They are verbal mistakes that are linked to our unconscious feelings. Even the rich and famous are vulnerable to Freudian slips.
Freud believed that it was our unconscious mind that held the keys to our behaviour. He paid particular attention to dreams, defense mechanisms, and of course, slips of the tongue.
These Freudian slips, also known as parapraxis, are supposed to be our forbidden thoughts and desires. They are usually locked safely away in our unconscious mind. But even though they are buried deep in our unconscious, Freud believed that eventually, they will surface, in the form of a Freudian slip.

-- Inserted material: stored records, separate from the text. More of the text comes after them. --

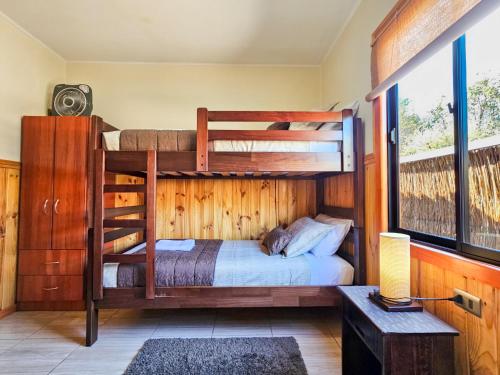 a bedroom with two bunk beds in a house at Lodge Ancar Atacama in San Pedro de Atacama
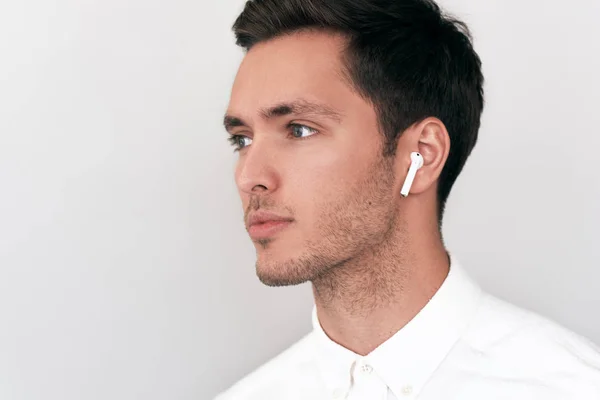 Серйозні гарний юнак позують з бездротові навушники, на тлі білої студії. Вид збоку постріл кавказьких бізнесмена за допомогою безпроводових навушників. Люди, технології та бізнес-концепції — стокове фото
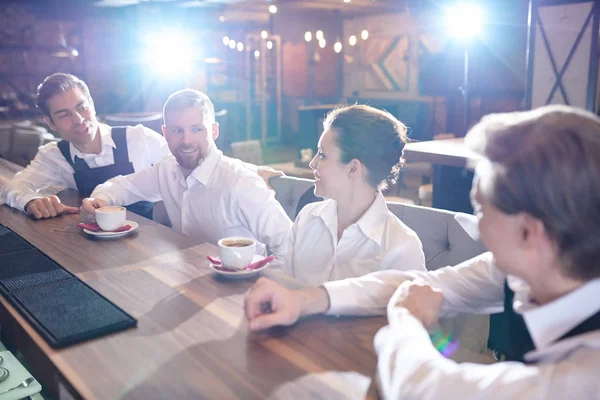Cheerful excited restaurant staff in white shirts sitting at bar counter and drinking espresso while chatting after work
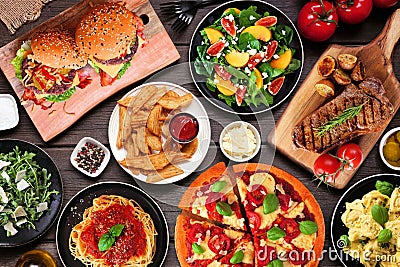 Table scene with assorted delicious foods Stock Photo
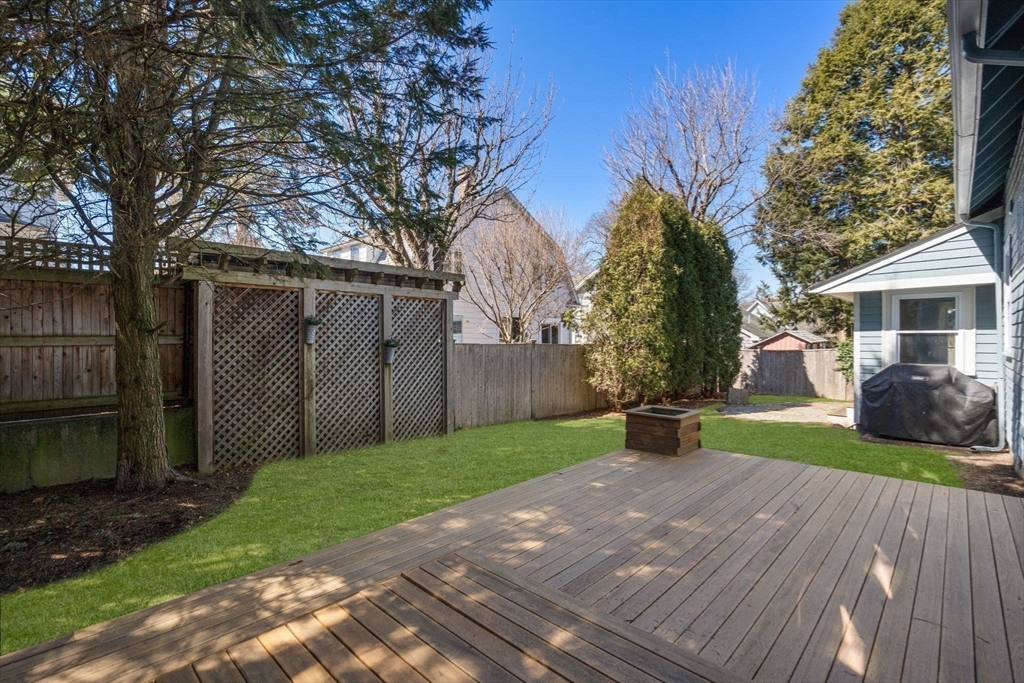 89 Prospect Street Newton, MA 02465 - Photo 30 of 31 a view of a house with a yard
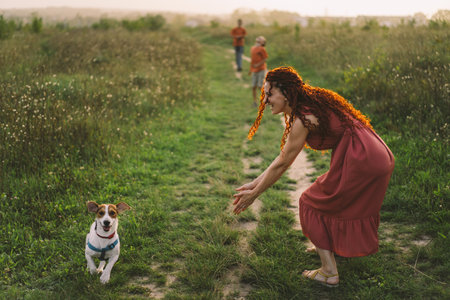 Beautiful woman plays with her Jack Russell dog in the park.の写真素材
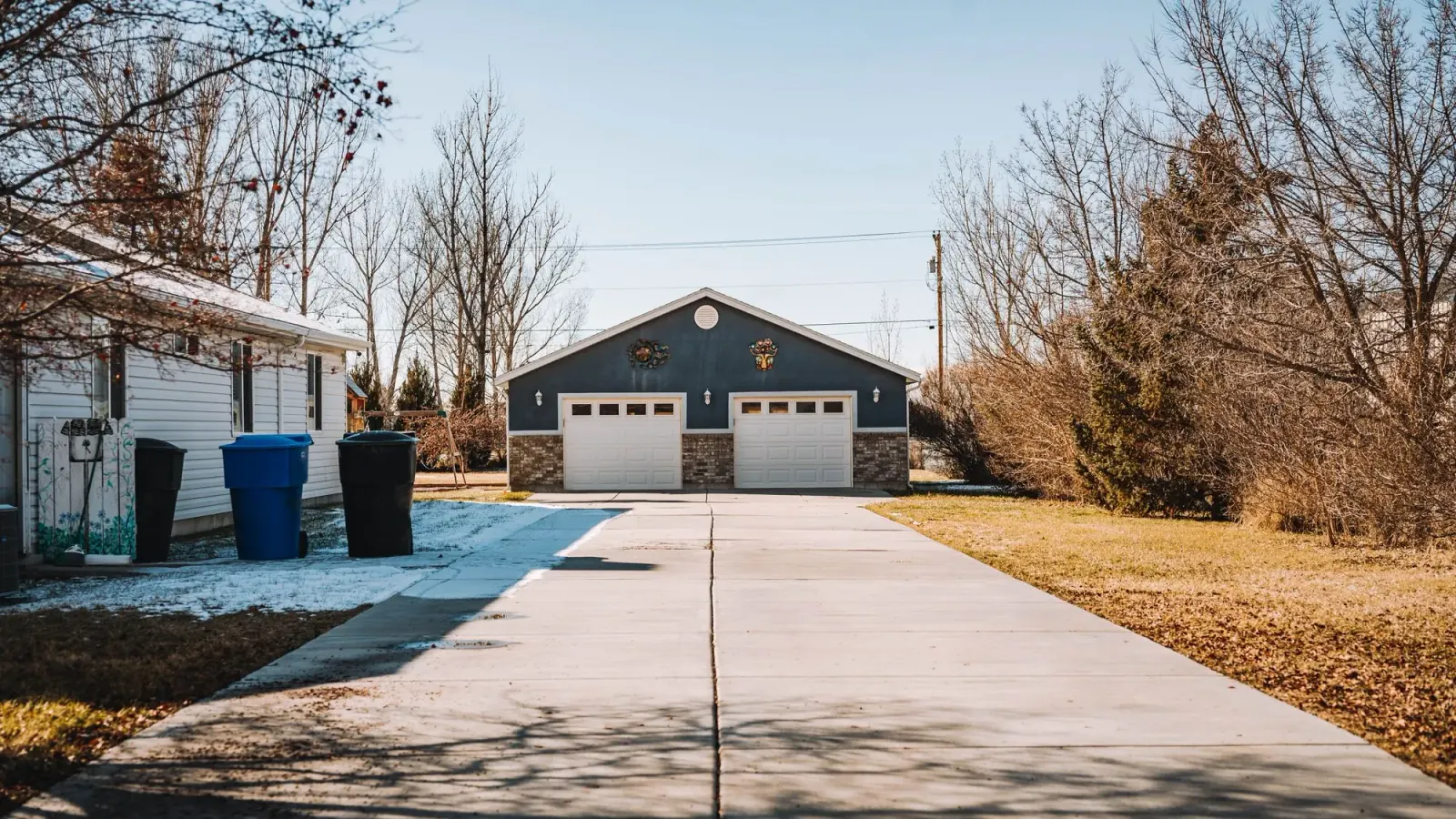 Detached garage with a long concrete driveway on a bright winter afternoon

Michael Motley, a psychologist from the University of California, Davis, has been studying Freudian slips. He believes that there is something in the word that we end up choosing:
“When we’re thinking about something we’re priming the relevant words, they’re being prepared to be spoken in case we need them.”
Motley reckoned that the more we try to not think about a word, the more likely we are to choose it. An example used in his study was the sentence:
‘The old hillbilly kept his moonshine in a big (blank)’.

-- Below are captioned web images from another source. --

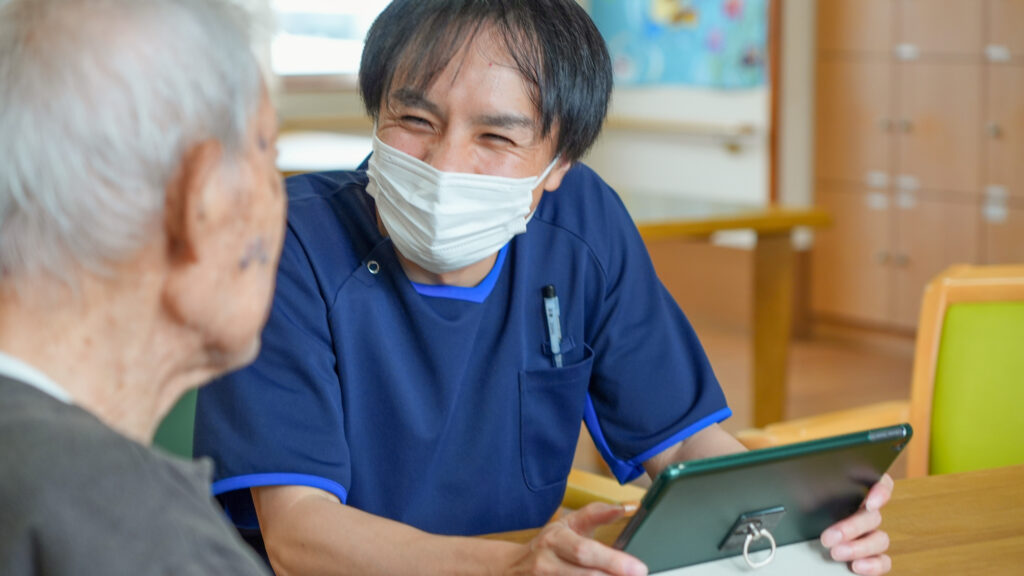 元気なご利用者と介護スタッフが、笑顔で会話をする写真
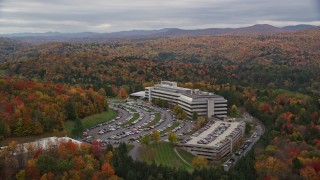 AX150_368E - 5.5K aerial stock footage orbiting brightly colored trees, large office buildings, autumn, Montpelier, Vermont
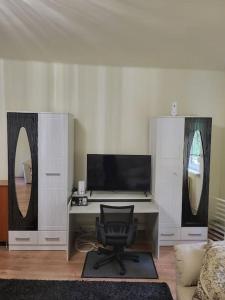 escritorio con ordenador y silla en una habitación en Wishy Washy House, en Debrecen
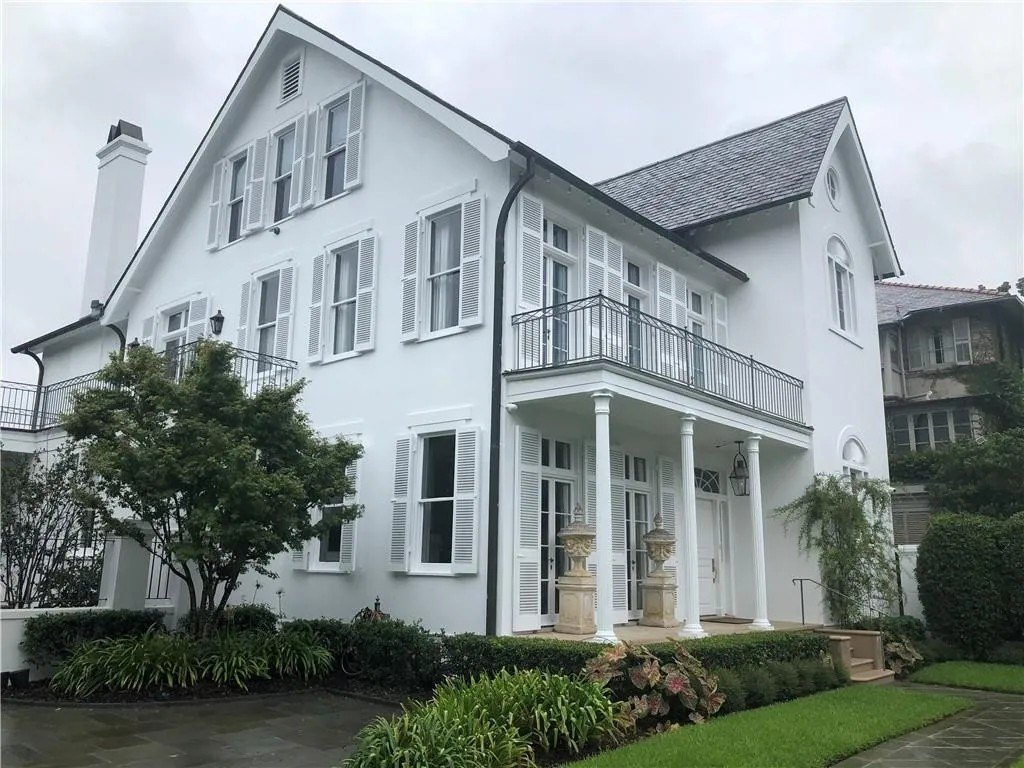 This four bedroom, 4.5 bath, 5,446 square foot Traditional features three-stories of luxuries, which include marble countertops, custom millwork and crown molding and gleaming wood floors.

Participants were helped by an attractive lab assistant and asked to select from a choice of words to fill in the blank. Amongst the list of choices was: pitcher, barrel, jar and many more. The participants that were attracted to the lab assistant invariably chose ‘jugs’.
“It’s sort of doubly primed and it gets selected over the others. We think something similar is happening with Freudian slips,” says Motley.
Freudian slips, however, are extremely difficult to study and test. How do you test and measure a slip of the tongue with an unconscious thought? In fact, there are many studies that dispute Freudian slips.
One person who disagreed with Freud was the Austrian linguist Rudolf Meringer. Meringer was working at the same time as Freud and spent hundreds of hours collecting verbal mistakes, made by his colleagues mostly. When the data had been collected and studied, Meringer concurred that most slips of the tongue were down to mixing up the letters, not the actual words.
Many other linguists agree with Meringer, including Gary Dell, a Professor of Linguistics and Psychology, at the University of Illinois at Urbana.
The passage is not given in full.